The entries below are to be copied exactly, with every picture left out.

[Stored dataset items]
########
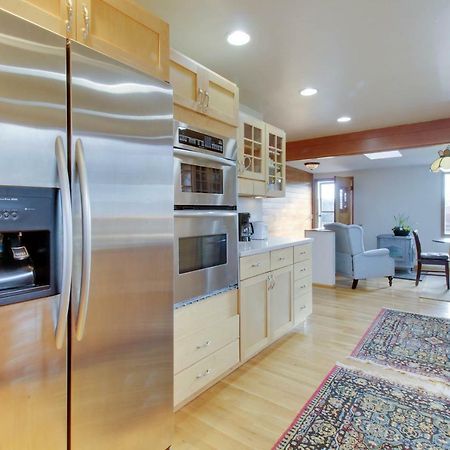 Islandale Lopez Island Agate Beach Waterfront Home מראה חיצוני תמונה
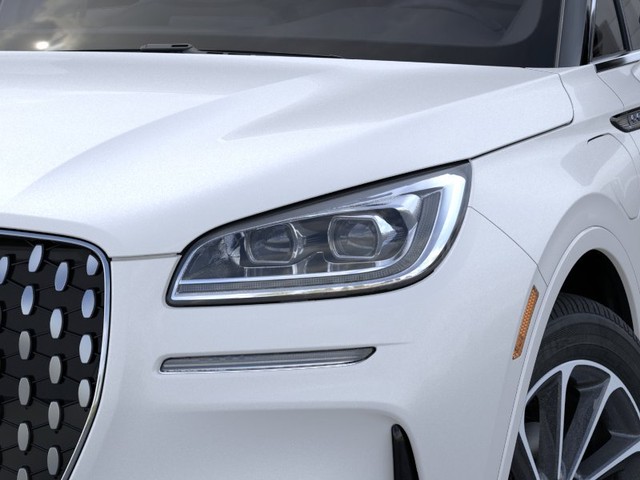 2025 Lincoln Corsair Grand Touring thumbnail image 18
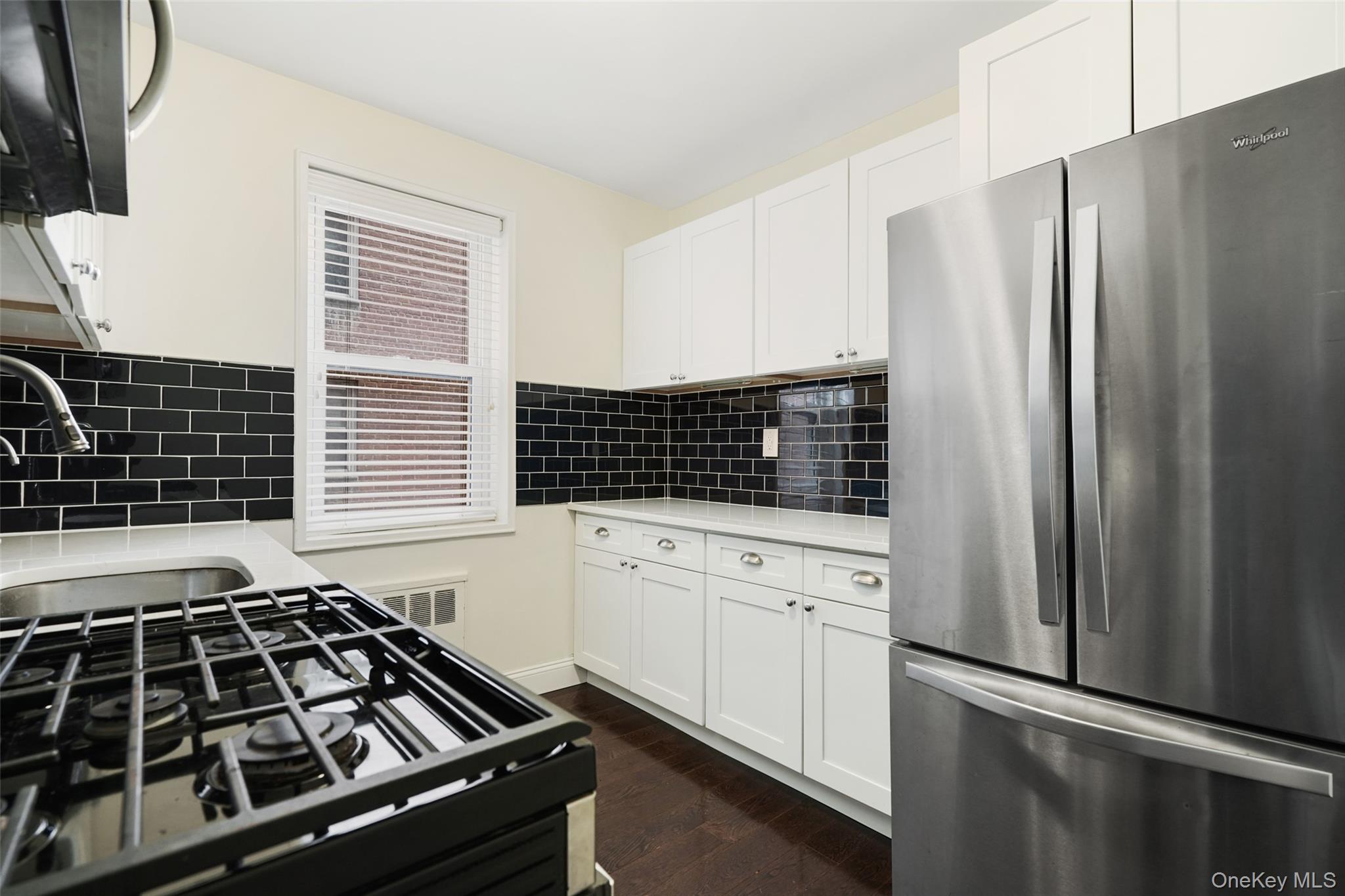 30 E Hartsdale Avenue 1h Property Photo 2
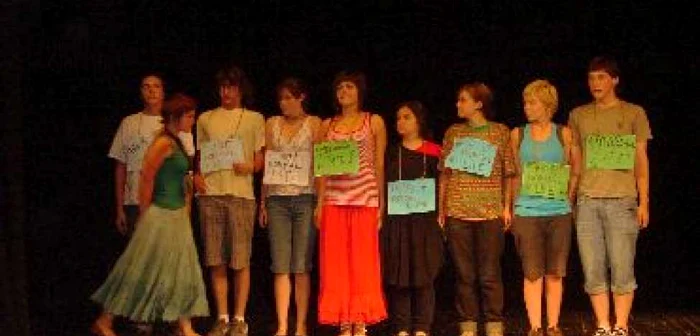 Bacău: La Teatrul Bacovia începe o nouă ediție a festivalului ID Fest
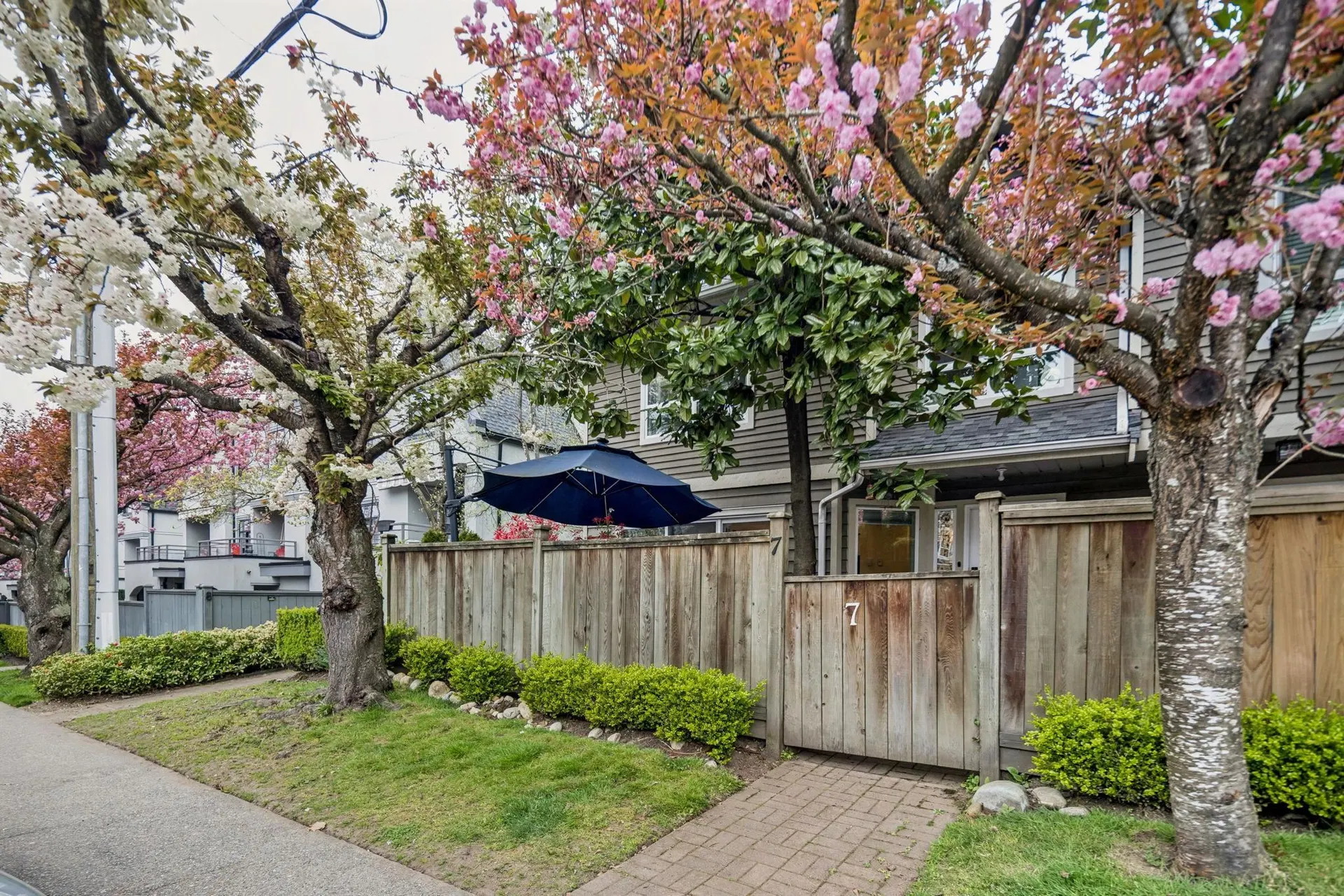 Photo 3 of 30 at #7 – 848 W 16th Street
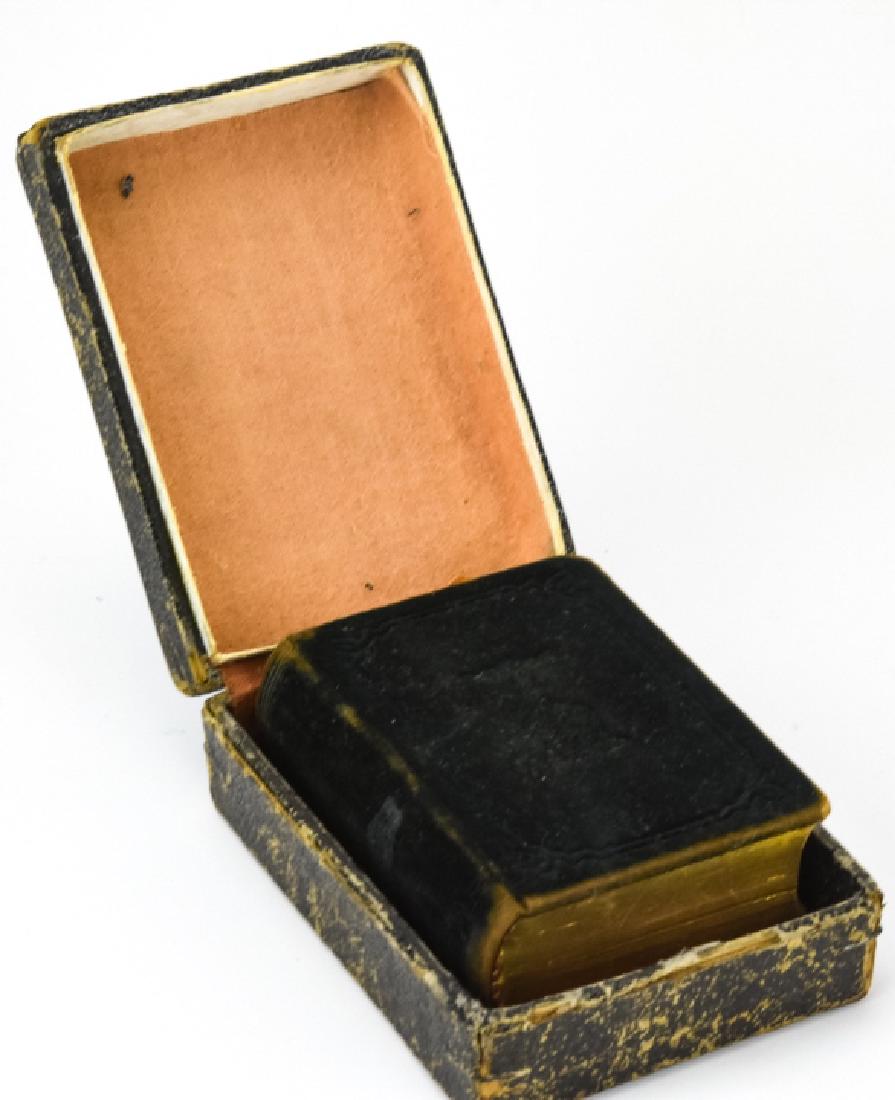 Antique C 1819 Swedish Psalm Prayer Book in Box (1 of 7)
########
● EXERCISE SOLUTION:
 Islandale Lopez Island Agate Beach Waterfront Home מראה חיצוני תמונה
 2025 Lincoln Corsair Grand Touring thumbnail image 18
 30 E Hartsdale Avenue 1h Property Photo 2
 Bacău: La Teatrul Bacovia începe o nouă ediție a festivalului ID Fest
 Photo 3 of 30 at #7 – 848 W 16th Street
 Antique C 1819 Swedish Psalm Prayer Book in Box (1 of 7)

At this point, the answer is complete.